小学校の頃いじめられっ子だった私は休み時間になると図書室に隠れていた。休み時間には、いじめっ子は私を殴りプロレス技をかける練習をしていたのだ。
本には興味無かったが教師が朗読してくれたよだかの星は覚えていた。
手持ち無沙汰だったこともあり「よだかの星」を読んだ。
醜く、誰からも嫌われ、嫌がらせを受けるよだかはまさに自分のことだと思った。

よだかは鷹の仲間なのに醜く、嫌われ者だった。鷹が彼の元にやって来ておまえが仲間と思われたくないから名前を変えろと言う。どんな名前かと言うと市蔵という名に変えろと。

<この会話は時代を感じさせられる。落語みないなべらんめい調。
よりによって市蔵とは。歌舞伎役者じゃあるまいし。>


よだかはそうしないと殺すと脅迫されるのである。

首へ市蔵と書いたふだをぶらさげて、私は以来市蔵と申しますと、口上を云って、みんなの所をおじぎしてまわるのだ。

宮沢賢治「よだかの星」より

凄まじいパワハラである。

このように罪なき者が苦しむ姿を描いた物語で有名なのが旧約聖書の「ヨブ記」である。ヨブ記はある意味壮大ないじめの物語である。

いじめを行うのは創造主である神様で、いじめに会うのは善良なヨブと言う男。いじめっ子の神にとことんいじめられたある男の話しである。


そもそも何故ヨブはいじめにに会うかと言うと、ある時神様はヨブを示してこんなに敬虔な者はいないと悪魔に言う。悪魔はそれは彼は財産や家族、健康にも恵まれ幸せだからであって不幸になれば信仰を失うに違いないと反論する。

そこで神様は試してみようと言う。ヨブは神様と悪魔との賭けの対象になった。神様公認のもと悪魔は悪行の限りをヨブに行う。
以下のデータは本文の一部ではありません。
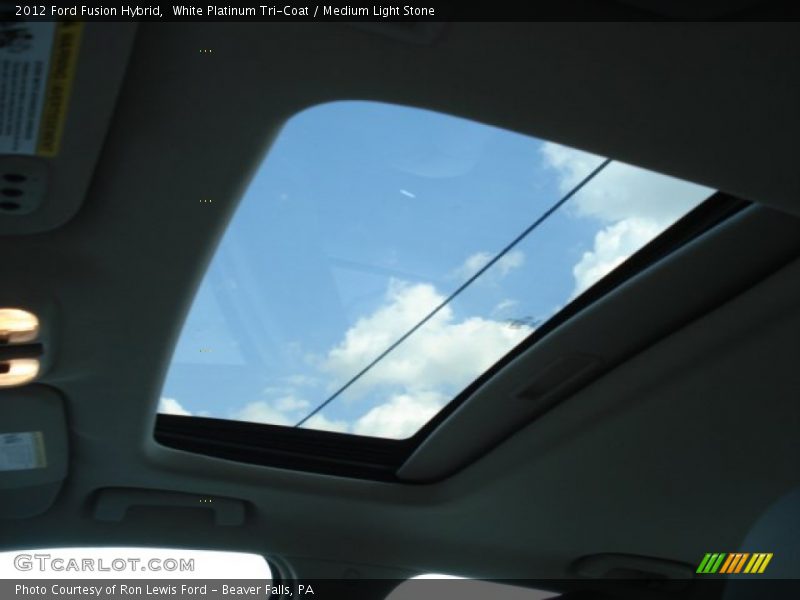 White Platinum Tri-Coat / Medium Light Stone 2012 Ford Fusion Hybrid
大体いじめのグループではリーダーは自分の手は汚さない。手下にやらせたりする。
ヨブは財産を失い、子ども達も殺され、挙げ句の果てに病気で七転八倒する。しかしヨブはどんなにしいたげられても信仰を失わない。意地を貫き通す。


結果的にこの理不尽な物語はヨブが神に許しを乞い、許されて終わるのだが、その理不尽さは残る。神の不在を示すたとえとしてよくあげられる。世の中は理不尽だということである。この物語をユングが面白く分析している。興味のある方はこちらをどうぞ。

ところで、いじめられたよだかはどうなったか。

よだかは鷹に脅され、空に逃げる。兄弟であるカワセミに別れを告げたものの、死にきれず太陽や星々に助けを求める。

しかし誰も助けてはくれない。
彼はやけくそになって羽ばたき、ただ宇宙に向かっていくのだ。そしていつの間にか自分が蒼い炎に包まれ星になったことに気がつく。


ここに西洋と東洋の大きな違いがある。ヨブは常に人間であり、それ以上の存在にはなれない。キリスト教ではヒトはどうやっても神にはなれないが、仏教では修行すれば仏になれる可能性はあるのだ。
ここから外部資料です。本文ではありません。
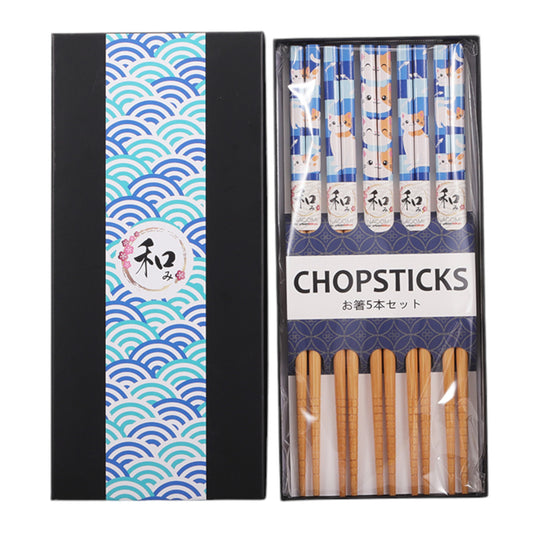 5 Piece Chopsticks Set Neko Friends with Gift Box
よだかは星になったのである。自らの力で、結局誰の手も借りずに。

 醜く、誰からも嫌われ、嫌がらせを受けても、やけくそになって宇宙に向かっていけば、いつかは星になれるかもしれない。ただただ目標に向かってやけくそになって行けば何かを成すことはできるかもしれない。
まさにいじめられっ子のバイブルだと思う次第である。

帰校時間になるといじめっ子たちは校舎の出口で待ち構えていた。
嫌がらせをし、投げた石が目にあたったこともあった。
泣きながら道端でうずくまった。しかし誰も優しい言葉をかけてはくれなかった。

帰宅すると両親は喧嘩をしており、母親はこうなったのはお前のせいだと私を叩いた。
小さな妹だけが私の生き甲斐で唯一の理解者だった。
妹に物語を聞かせる為に、兄らしくするために様々な本を読み始めた。

そのうちに本はもう一つの生き甲斐になっていった。

一人でも本が孤独を癒やし生きる術を与えてくれた。
この本は自分にそのきっかけを与えてくれた思い出深い本でもある。